■ Your goal ■
The full set of records must be returned exactly, character for character.

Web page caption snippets
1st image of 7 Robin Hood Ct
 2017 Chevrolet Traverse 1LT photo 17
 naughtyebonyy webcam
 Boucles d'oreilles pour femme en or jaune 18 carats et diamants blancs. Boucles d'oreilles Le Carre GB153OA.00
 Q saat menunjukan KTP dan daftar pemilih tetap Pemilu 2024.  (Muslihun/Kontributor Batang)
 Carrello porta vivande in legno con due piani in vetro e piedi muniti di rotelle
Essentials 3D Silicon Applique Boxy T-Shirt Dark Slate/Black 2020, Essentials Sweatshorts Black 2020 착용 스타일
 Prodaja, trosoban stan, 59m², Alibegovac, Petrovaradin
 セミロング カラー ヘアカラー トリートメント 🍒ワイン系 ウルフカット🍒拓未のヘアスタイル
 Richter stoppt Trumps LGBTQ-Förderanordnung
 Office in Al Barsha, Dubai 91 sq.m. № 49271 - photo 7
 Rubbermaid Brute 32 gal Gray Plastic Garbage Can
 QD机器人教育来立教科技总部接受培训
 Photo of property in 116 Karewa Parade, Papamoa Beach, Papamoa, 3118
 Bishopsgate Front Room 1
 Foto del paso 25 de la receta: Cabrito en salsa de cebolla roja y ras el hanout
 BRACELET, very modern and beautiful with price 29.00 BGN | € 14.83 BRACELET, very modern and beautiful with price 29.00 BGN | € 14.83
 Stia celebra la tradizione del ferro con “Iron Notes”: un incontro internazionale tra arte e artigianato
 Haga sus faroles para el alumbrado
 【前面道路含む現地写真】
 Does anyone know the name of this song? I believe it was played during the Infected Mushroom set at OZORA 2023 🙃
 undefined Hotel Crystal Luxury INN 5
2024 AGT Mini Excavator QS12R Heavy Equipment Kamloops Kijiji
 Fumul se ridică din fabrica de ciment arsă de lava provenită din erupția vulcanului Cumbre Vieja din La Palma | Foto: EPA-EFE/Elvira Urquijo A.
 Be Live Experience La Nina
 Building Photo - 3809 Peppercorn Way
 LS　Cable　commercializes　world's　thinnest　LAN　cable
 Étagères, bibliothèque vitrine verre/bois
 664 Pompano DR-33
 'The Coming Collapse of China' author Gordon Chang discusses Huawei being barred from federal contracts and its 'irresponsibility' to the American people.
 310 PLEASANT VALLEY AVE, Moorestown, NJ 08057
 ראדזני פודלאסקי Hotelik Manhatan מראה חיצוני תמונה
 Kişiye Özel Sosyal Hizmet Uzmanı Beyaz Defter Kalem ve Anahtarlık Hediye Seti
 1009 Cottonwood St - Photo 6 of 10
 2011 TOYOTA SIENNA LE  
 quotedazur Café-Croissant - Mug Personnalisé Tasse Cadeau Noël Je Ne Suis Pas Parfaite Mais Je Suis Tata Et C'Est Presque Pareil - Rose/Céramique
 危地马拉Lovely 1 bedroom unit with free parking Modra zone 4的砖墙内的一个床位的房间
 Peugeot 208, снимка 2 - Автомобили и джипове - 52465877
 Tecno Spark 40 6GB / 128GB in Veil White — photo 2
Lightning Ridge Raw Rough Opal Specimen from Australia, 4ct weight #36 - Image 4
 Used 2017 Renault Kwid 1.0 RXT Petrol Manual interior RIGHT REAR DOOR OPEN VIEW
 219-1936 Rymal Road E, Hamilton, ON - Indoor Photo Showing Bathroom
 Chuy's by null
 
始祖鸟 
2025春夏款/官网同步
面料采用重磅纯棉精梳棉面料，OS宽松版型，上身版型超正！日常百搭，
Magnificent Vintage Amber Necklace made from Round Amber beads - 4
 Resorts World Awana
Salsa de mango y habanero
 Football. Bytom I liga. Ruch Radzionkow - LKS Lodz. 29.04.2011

■ Completed task ■
1st image of 7 Robin Hood Ct
 2017 Chevrolet Traverse 1LT photo 17
 naughtyebonyy webcam
 Boucles d'oreilles pour femme en or jaune 18 carats et diamants blancs. Boucles d'oreilles Le Carre GB153OA.00
 Q saat menunjukan KTP dan daftar pemilih tetap Pemilu 2024.  (Muslihun/Kontributor Batang)
 Carrello porta vivande in legno con due piani in vetro e piedi muniti di rotelle
Essentials 3D Silicon Applique Boxy T-Shirt Dark Slate/Black 2020, Essentials Sweatshorts Black 2020 착용 스타일
 Prodaja, trosoban stan, 59m², Alibegovac, Petrovaradin
 セミロング カラー ヘアカラー トリートメント 🍒ワイン系 ウルフカット🍒拓未のヘアスタイル
 Richter stoppt Trumps LGBTQ-Förderanordnung
 Office in Al Barsha, Dubai 91 sq.m. № 49271 - photo 7
 Rubbermaid Brute 32 gal Gray Plastic Garbage Can
 QD机器人教育来立教科技总部接受培训
 Photo of property in 116 Karewa Parade, Papamoa Beach, Papamoa, 3118
 Bishopsgate Front Room 1
 Foto del paso 25 de la receta: Cabrito en salsa de cebolla roja y ras el hanout
 BRACELET, very modern and beautiful with price 29.00 BGN | € 14.83 BRACELET, very modern and beautiful with price 29.00 BGN | € 14.83
 Stia celebra la tradizione del ferro con “Iron Notes”: un incontro internazionale tra arte e artigianato
 Haga sus faroles para el alumbrado
 【前面道路含む現地写真】
 Does anyone know the name of this song? I believe it was played during the Infected Mushroom set at OZORA 2023 🙃
 undefined Hotel Crystal Luxury INN 5
2024 AGT Mini Excavator QS12R Heavy Equipment Kamloops Kijiji
 Fumul se ridică din fabrica de ciment arsă de lava provenită din erupția vulcanului Cumbre Vieja din La Palma | Foto: EPA-EFE/Elvira Urquijo A.
 Be Live Experience La Nina
 Building Photo - 3809 Peppercorn Way
 LS　Cable　commercializes　world's　thinnest　LAN　cable
 Étagères, bibliothèque vitrine verre/bois
 664 Pompano DR-33
 'The Coming Collapse of China' author Gordon Chang discusses Huawei being barred from federal contracts and its 'irresponsibility' to the American people.
 310 PLEASANT VALLEY AVE, Moorestown, NJ 08057
 ראדזני פודלאסקי Hotelik Manhatan מראה חיצוני תמונה
 Kişiye Özel Sosyal Hizmet Uzmanı Beyaz Defter Kalem ve Anahtarlık Hediye Seti
 1009 Cottonwood St - Photo 6 of 10
 2011 TOYOTA SIENNA LE  
 quotedazur Café-Croissant - Mug Personnalisé Tasse Cadeau Noël Je Ne Suis Pas Parfaite Mais Je Suis Tata Et C'Est Presque Pareil - Rose/Céramique
 危地马拉Lovely 1 bedroom unit with free parking Modra zone 4的砖墙内的一个床位的房间
 Peugeot 208, снимка 2 - Автомобили и джипове - 52465877
 Tecno Spark 40 6GB / 128GB in Veil White — photo 2
Lightning Ridge Raw Rough Opal Specimen from Australia, 4ct weight #36 - Image 4
 Used 2017 Renault Kwid 1.0 RXT Petrol Manual interior RIGHT REAR DOOR OPEN VIEW
 219-1936 Rymal Road E, Hamilton, ON - Indoor Photo Showing Bathroom
 Chuy's by null
 
始祖鸟 
2025春夏款/官网同步
面料采用重磅纯棉精梳棉面料，OS宽松版型，上身版型超正！日常百搭，
Magnificent Vintage Amber Necklace made from Round Amber beads - 4
 Resorts World Awana
Salsa de mango y habanero
 Football. Bytom I liga. Ruch Radzionkow - LKS Lodz. 29.04.2011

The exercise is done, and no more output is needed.